(Crawled caption data)
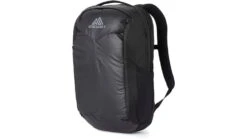 Gregory Border 18 L Pack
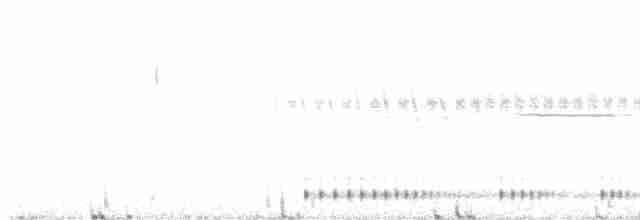 Kiefernsaftlecker - ML617293811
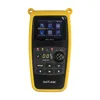 Bluetooth satellite finder digital satellite receiver for sale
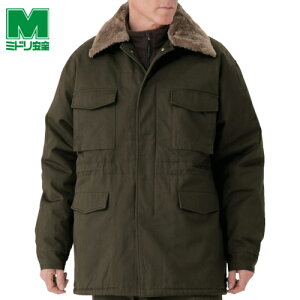 ~hS ƕ h h ȃJXgR[g OD LL (1) iԁFM7506-UE-LL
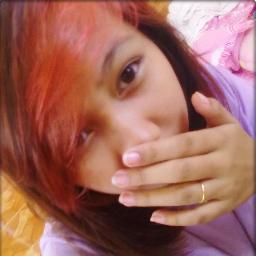 `We can do no great things; only small things with great love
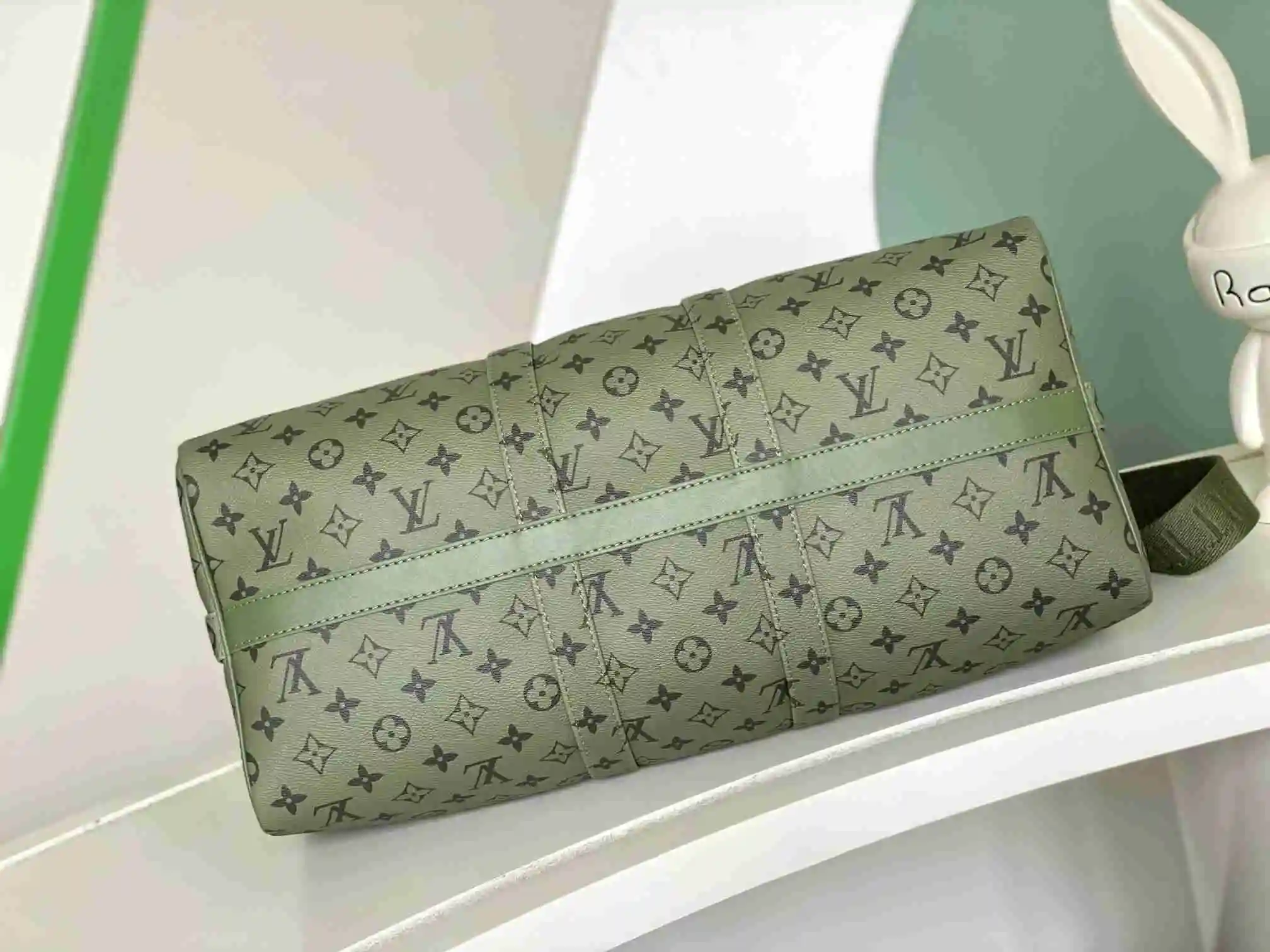 SW005750 (4).webp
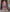 Butterfly Net Designer Lehenga Choli for Elegant Events - MYLUXURY LANE ENTERPRISE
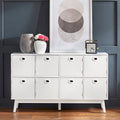 Mobile Jamie Extra Large Simple Living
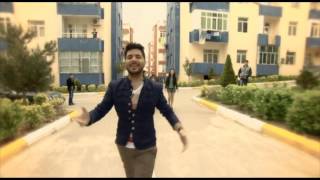 ELCIN CEFEROV MENE ONU CAGIRIN GELSIN FULL CLIP 2013 Resimi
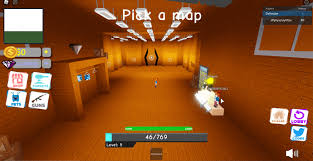 Our roblox tower defenders codes wiki has the latest list of working op code. Can Someone Be Me Feedback On My New Game It S A Tower Defence Simulator Game Need Criticism Game Design Support Devforum Roblox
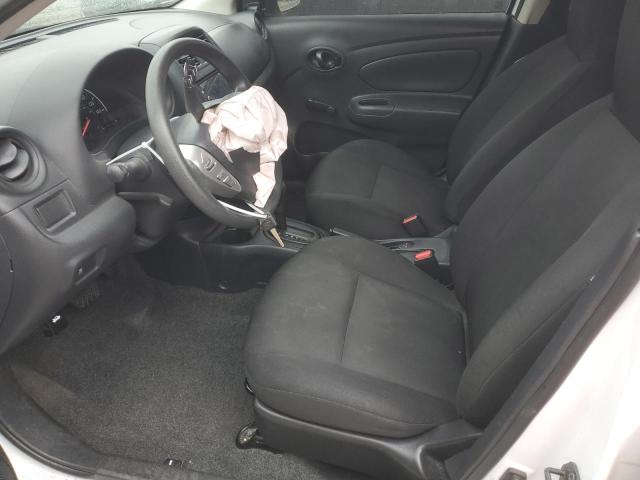 Photo 7 from auction – 2015 NISSAN VERSA S with VIN 3N1CN7AP6FL918692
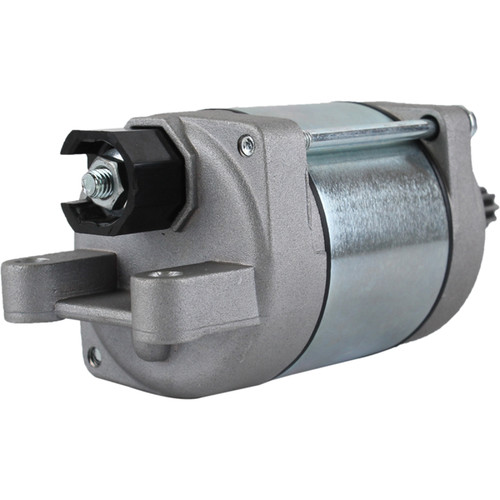 Arrowhead KTM 12V 9T Str - 410-54169 Photo - Primary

Your assignment >>
Each record, word for word, should be printed again without its pictures.

Response below >>
 Gregory Border 18 L Pack
 Kiefernsaftlecker - ML617293811
 Bluetooth satellite finder digital satellite receiver for sale
 ~hS ƕ h h ȃJXgR[g OD LL (1) iԁFM7506-UE-LL
 `We can do no great things; only small things with great love
 SW005750 (4).webp
 Butterfly Net Designer Lehenga Choli for Elegant Events - MYLUXURY LANE ENTERPRISE
 Mobile Jamie Extra Large Simple Living
 ELCIN CEFEROV MENE ONU CAGIRIN GELSIN FULL CLIP 2013 Resimi
 Our roblox tower defenders codes wiki has the latest list of working op code. Can Someone Be Me Feedback On My New Game It S A Tower Defence Simulator Game Need Criticism Game Design Support Devforum Roblox
 Photo 7 from auction – 2015 NISSAN VERSA S with VIN 3N1CN7AP6FL918692
 Arrowhead KTM 12V 9T Str - 410-54169 Photo - Primary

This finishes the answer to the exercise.